What do you know about the P.50? It looks like it had good potential.


----------



## Piaggio108 (May 27, 2005)

The P.50-I had the tandem configuration, the P.50-II had a conventional engine configuration, perhaps there was some interference. And yes it had potential, the P.108 was based on it somewhat, I can't remember how much off the top of my head though.


----------



## FLYBOYJ (May 27, 2005)

Here's a modern one. Military designation please!


----------



## JCS (May 27, 2005)

> What do you know about the P.50? It looks like it had good potential.



Heres some info I gathered from various sites(I dunno how accurate it is as every site I found had a little variation in the specs):

This bomber was the basis for the P.108. It was a mid-wing design with four engines, in a two-by-two tandem arrangment in the P.50-I and a more conventional leading-edge arrangment in the P.50-II. 

P.50-I:

Year of Construction: 1937/38
First Flight: November 16th 1937, piloted byt Angelo Tondi
Crew: 4-5
Wingspan: 25.76
Length: 19,80
Wing Area: 100,00
Engines: 4 729hp Isotta-Fraschini Asso XI RC
Range: 3350km
Max. weight: 20000 kg
Empty Weight: 13000 kg
Loaded weight; 7000 kg
Max. Speed: 435 km/h at 4600 m


P.50-II:

Year of Construction: 1938
Crew: 4-5
Wingspan: 25.76m
Length: 19,80
Engines: 4 1000hp Piaggio P.XI RC40 
Max. weight: 20200 kg
Loaded weights: 7000 kg
Function: Bomber
Max. Speed: 450 km/h at 4500 mt
Range: 3,500 km

Check the albums too, I added a few pics of the P.50-I and II last night.


----------



## BlackWolf3945 (May 30, 2005)

Aeromot TG-14A (AMT-200S) used by the USAF Academy...


Fade to Black...


----------



## the lancaster kicks ass (May 31, 2005)

how do you do that!!


----------



## cheddar cheese (May 31, 2005)

Ok ive got loads lined up...Lets start with an easier one


----------



## mosquitoman (May 31, 2005)

It looks like a Fairey Battle but I'm pretty sure it isn't


----------



## cheddar cheese (May 31, 2005)

Nope, Definately not a Battle


----------



## the lancaster kicks ass (May 31, 2005)

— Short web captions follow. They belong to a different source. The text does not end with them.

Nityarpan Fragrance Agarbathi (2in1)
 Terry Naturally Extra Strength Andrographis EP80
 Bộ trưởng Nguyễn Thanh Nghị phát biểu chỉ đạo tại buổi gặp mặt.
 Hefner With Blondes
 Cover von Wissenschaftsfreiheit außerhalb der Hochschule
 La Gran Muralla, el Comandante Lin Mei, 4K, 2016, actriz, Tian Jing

it looks nothing like the battle.....


----------



## FLYBOYJ (May 31, 2005)

Fairey Firefly


----------



## FLYBOYJ (May 31, 2005)

BlackWolf3945 said:


> Aeromot TG-14A (AMT-200S) used by the USAF Academy...
> 
> 
> Fade to Black...



VERY GOOD! - I work on em


----------



## cheddar cheese (May 31, 2005)

Sorry FBJ - wrong 8)


----------



## FLYBOYJ (May 31, 2005)

cheddar cheese said:


> Sorry FBJ - wrong 8)



WHAT?!?


----------



## cheddar cheese (May 31, 2005)

Yes, wrong 8)


----------



## mosquitoman (May 31, 2005)

Fairey Fulmar?


----------



## cheddar cheese (May 31, 2005)

Nope!  You think id post easy planes like that?


----------



## mosquitoman (May 31, 2005)

To be perfectly honest, yes!


----------



## FLYBOYJ (May 31, 2005)

FAIREY P.4/34?


----------



## cheddar cheese (May 31, 2005)

No!


----------



## mosquitoman (May 31, 2005)

Was it made by Fairey?


----------



## cheddar cheese (May 31, 2005)

Nope 8)


----------



## mosquitoman (May 31, 2005)

Is it Italian?


----------



## cheddar cheese (May 31, 2005)

_Now_ we're getting somewhere 8)


----------



## FLYBOYJ (May 31, 2005)

mosquitoman said:


> Is it Italian?





cheddar cheese said:


> _Now_ we're getting somewhere 8)



Figures


----------



## DerAdlerIstGelandet (May 31, 2005)

trackend said:


> would'nt the the air from the front engines get so disturbed that the pushers did squat diddly?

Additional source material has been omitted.